Der Spiegel : Vous ne pensez pas que la Russie peut être une démocratie ?
Maas : Avec le recul, il ne semble pas évident que Vladimir Poutine ait voulu pousser la Russie dans cette direction.
Der Spiegel : En 2001 Vladimir Poutine a déclaré devant le Parlement allemand qu’il voulait que la Russie devienne une économie de marché moderne et une démocratie, avec l’Ouest comme partenaire dans ce projet.
Maas : Cela aurait été bien s’il avait persisté sur cette ligne. Peut-être que l’Ouest n’a pas été très réglo de son côté... Au final, la Russie a choisi de cheminer seule.
Der Spiegel : Votre parti, le SPD [sociaux-démocrates, NDLR] a une longue tradition de dialogue avec la Russie. Que pensez-vous des leçons de l’Ostpolitik, la politique de détente avec l’URSS inaugurée par le chancelier Willy Brandt, lui aussi du SPD, en 1969 ?
Maas : Pour moi, l’Ostpolitik ne concerne pas seulement la Russie, mais tous les pays d’Europe de l’Est. Nous devons leur prêter plus d’attention que ce que nous avons fait par le passé.

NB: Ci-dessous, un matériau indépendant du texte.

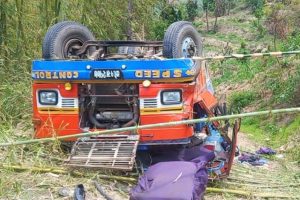 धनकुटामा बस दुर्घटनामा तीन जनाको मृत्यु,११ जना घाइते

Der Spiegel : Des pays comme la Pologne et la Hongrie divergent sur certaines des valeurs européennes. Que comptez-vous faire à ce propos ?

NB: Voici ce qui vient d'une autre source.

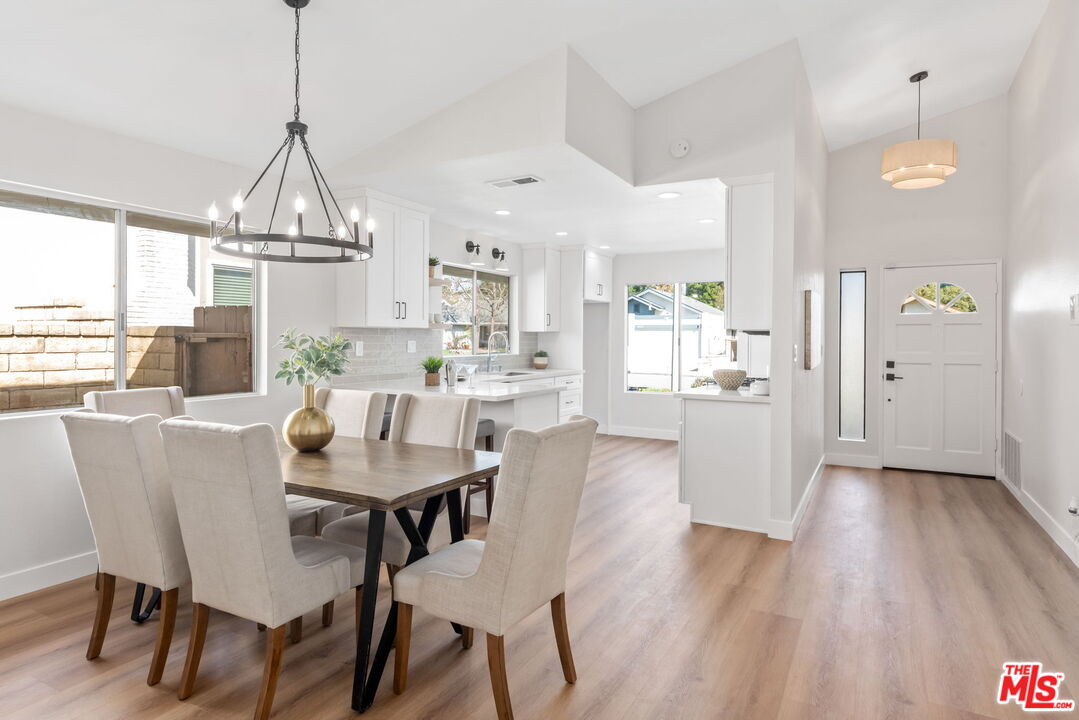 27537 Cherry Creek Dr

Maas : Tout d’abord, l’expansion vers l’est de l’Union européenne est une véritable success story. Cependant nous avons vu récemment en Hongrie qu’il est hélas possible de mobiliser les électeurs avec une campagne fortement anti-européenne. Dans cette phase, qui est décisive pour l’avenir de l’Europe, il est crucial de garder nos voisins est-européens dans l’UE. On ne peut pas donner l’impression qu’il existe une première et une seconde classe en Europe où certains sont laissés pour compte et ne jouent plus aucun rôle. Sinon nous aiderons les voix anti-européennes dans ces pays et les rendrons plus réceptives aux sirènes séparatistes venues de l’extérieur.
Der Spiegel : Vous voulez conserver les pays d’Europe de l’Est dans l’Union européenne même s’ils tournent le dos aux principes européens ? Le Premier ministre hongrois Viktor Orbán envisage une démocratie « ilibérale » pour son pays...
Maas : [...] Le socle de valeurs de l’Union européenne est non négociable.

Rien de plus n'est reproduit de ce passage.